I know it means lots of extra work to calculate all this but I would be happy to help calculate these dates. Furthermore, since this only affects the global ranking it should not have to be ready at the same time the gotm-result are published.

What do you think about this? Could this help to get to a better comparison of skills or is it a bad idea that only leads to extra work to implement it?

Cruise · Aug 19, 2002

The civ3 tournament has a nice formula which rewards both early victories and milking.
Aeson knows more about it, consult him

Aeson · Aug 19, 2002

The problem with the scoring formula for the tournament is that it has no way of comparing between victory conditions though EEK. It's designed to compare games played with the same required victory type. An early Conquest/Domination would almost always win in the GOTM setting.

Beard's formula (here) has some flaws I think. There is too much variation between similarly played games based on what other people did in their games. If a large majority goes for early victories, it devalues the date portion, and vice versa. Just look at comparable early finishes from game to game, some score drastically higher (both in score and relative to 'milked' games) because more people waited to finish their games.

Creepster · Aug 19, 2002

Beard Rinker,

I did look at the results you have posted and initially they do look good. My problem with your formulae though is that you use the avg score. I have to agree with Aeson's comments above. The scoreing formuale needs to be a stand alone score; independent of what others do. If we were to have a GOTM where almost no one milks the game then the results will be skewed.

While I think the results from your formulae would work in the short term it is not a long term fix. I still think we need a formulae that takes into account more variables and provides a unique score, based solely on one persons game.

Beard Rinker · Aug 19, 2002

Aeson & Creepster,

I see what you are saying but I don't think it is a big problem.

Comparing data from GOTM V and GOTM VI shows this problem the best. Using the proposed scoring formula, the top 5 finishes in GOTM V were all domination/conquest finishes. In GOTM VI the top 4 finishes were milking games. Not only that, the top milked games in GOTM VI had significantly higher scores than milked games in GOTM V. Similarly, the top fast finish games in GOTM V scored much higher than in GOTM VI. The reason behind this is the average finish date is much earlier in GOTM VI, devaluing the finish bonus in that game. This appears to be exactly what Aeson pointed out.
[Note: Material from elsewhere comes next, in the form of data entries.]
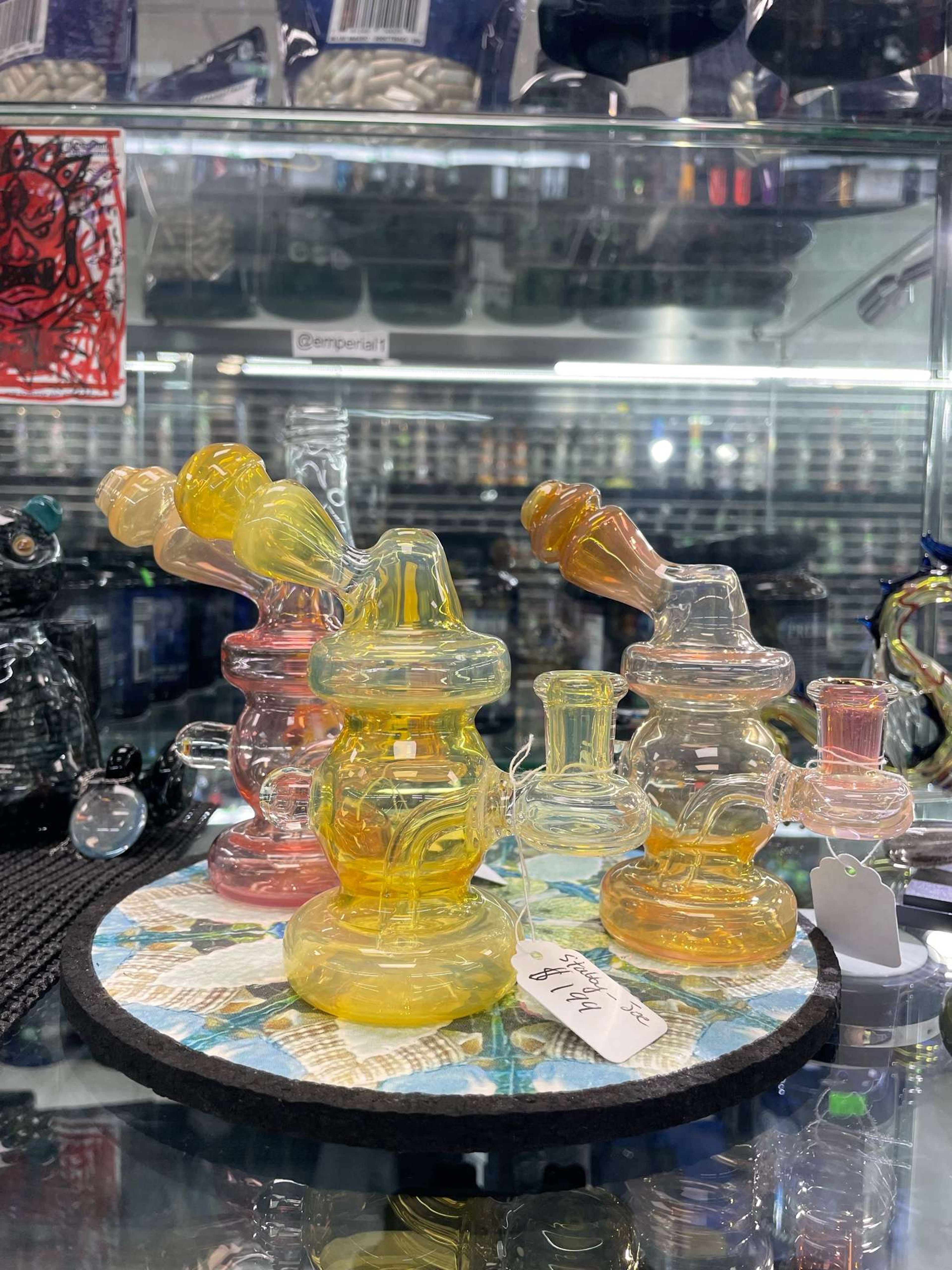 @StabbyJoe fumed rigs!  image 0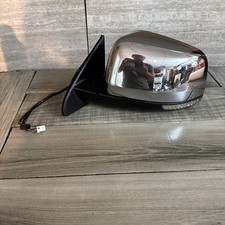 2011-2022 Jeep Grand Cherokee Left Side Mirror W Turn Signal Blind Spot 2011-2022 Jeep Grand Cherokee Left Side Mirror W Turn Signal Blind Spot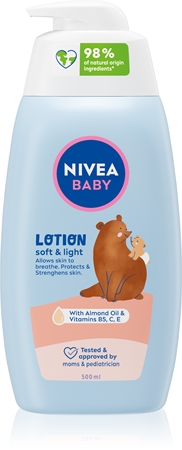 Nivea baby deals cream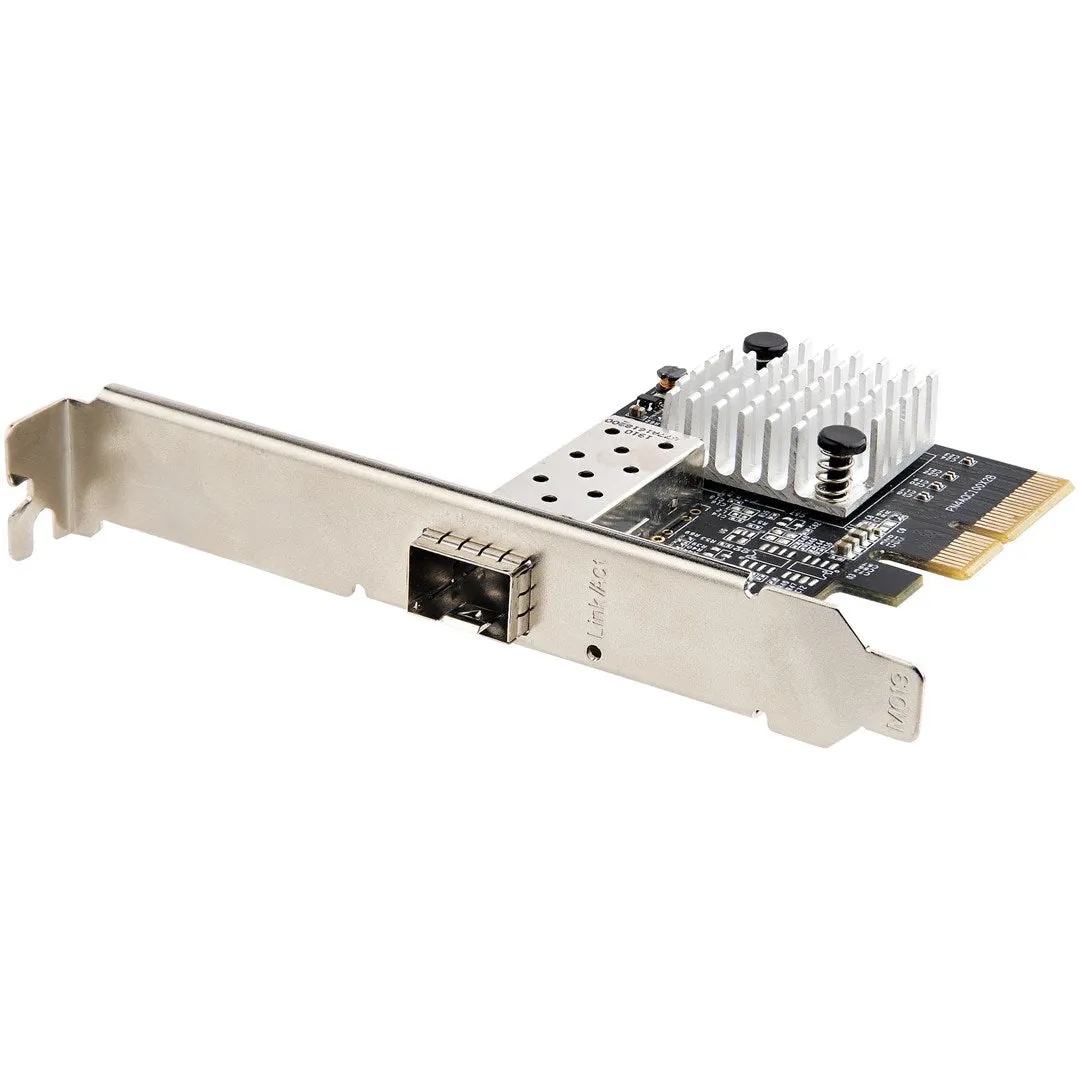 Startech.Com 10G Pcie Sfp  Card - Single Sfp  Port Network Adapter - Open Sfp  For Msa-Compliant Modules/Direct-Attach C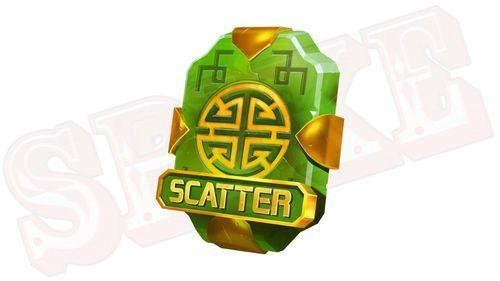Temple Of Prosperity Slot Simbolo Scatter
However, if you look a little farther down the list there is much less variability. Nathan Barcley got 70 in game 5 and 67 in game 6 for fast space finishes. My scores were 53 and 59 for a milked game and the fastest space finish. Aleric 65 and 71 for early domination victories. Alexman got 68 and 67. Like any set of numbers, the top numbers and bottom numbers experience the largest degree of variability.

What this suggests to me is in games where you think the average finish date will be late, finish quickly and games where you expect the average finish date is early, milk the game to some degree. Keep in mind that all players concerned with score will be doing the same thing, thus nullifying this strategy to some degree.

These kind of strategic decisions are unfortunate and not what was intended when developing the formula. However, I think this does not apply to most players, only to the top players.

Originally posted by Aeson
There is too much variation between similarly played games based on what other people did in their games.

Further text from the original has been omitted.